Taiwan seizes imported U.S. beef shipment for excess ractopamine
Taipei, June 8 (CNA) A shipment of beef imported from the United States was recently seized at Taiwan's border after it was found to contain excess levels of the controversial feed additive ractopamine, the Food and Drug Administration (FDA) said Tuesday.
The shipment of 1,179.8 kilograms of boneless beef from National Beef Packing Co. in the U.S. was tested on May 14 and found to contain ractopamine residues at a concentration of 0.02 parts per million, higher than the maximum permissible level of 0.01 ppm, the FDA said.
According to the FDA, confiscated beef is either returned to its country of origin or destroyed.
The shipment of U.S. beef was the first in nearly three years the FDA has found to contain excessive ractopamine levels, and will result in the importer, New Taipei-based Yu-Ho Food, being flagged for more frequent inspections, said FDA division chief Chen Ching-yu (陳慶裕).
Although Taiwan has allowed imports of U.S. beef containing trace amounts of ractopamine since 2012, the leanness enhancing drug remains controversial, and its use is still prohibited among local farmers.
Taiwan also opened its market to U.S. pork containing limited levels of ractopamine on Jan. 1, a move the government believes will facilitate closer ties with the U.S., but which critics say creates health risks for Taiwanese consumers.
Meanwhile, the FDA said that fresh avocados imported from the U.S. by Costco Taiwan were recently seized for the sixth time in under half a year because of higher than permitted levels of the heavy metal cadmium.
The shipment of 2,970 kg of Index Fresh avocadoes from California was found during testing on May 15 to contain 0.07 mg/kg of cadmium, higher than the maximum permissible level of 0.05 mg/kg, according to the FDA.
Due to the repeated violations, the FDA has been carrying out batch-by-batch inspections of avocadoes imported by Costco since May, and required the company to devise a plan to resolve the issue, which it submitted last week, Chen said.
In the report, the company said the cadmium residues found in the avocadoes might be related to external environmental factors in the region in which they are grown, Chen said.
In response, the FDA ordered the company to improve its supplier management procedures, and warned that it could ban the retailer from importing American avocadoes if the violations continue, Chen said.
The imported beef and avocadoes were two of 17 products included in the FDA's weekly report on imported shipments confiscated for food safety violations.

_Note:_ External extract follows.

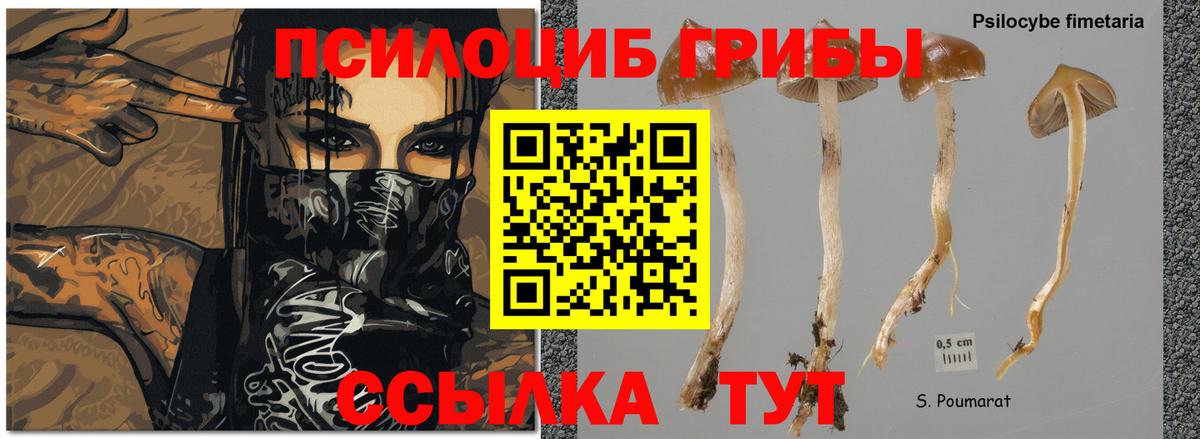 Псилоцибиновые грибы Psilocybine cubensis  где продают наркотики  Псилоцибиновые грибы Psilocybine cubensis  Саки  Вход с VPN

Other products seized included a 37,902 kg shipment of black sesame seeds from India, 1,152 kg of blueberries from the U.S., and 150 kg of strawberries from Japan, all for excessive levels of various pesticides, according to the FDA.
According to Taiwan's Regulations of Inspection of Imported Foods and Related Products, border authorities are required to conduct random inspections on 2-10 percent of food shipments arriving in the country.
Products which fail inspection are placed under "reinforced" guidelines, which require the inspection rate to be increased to 20-50 percent.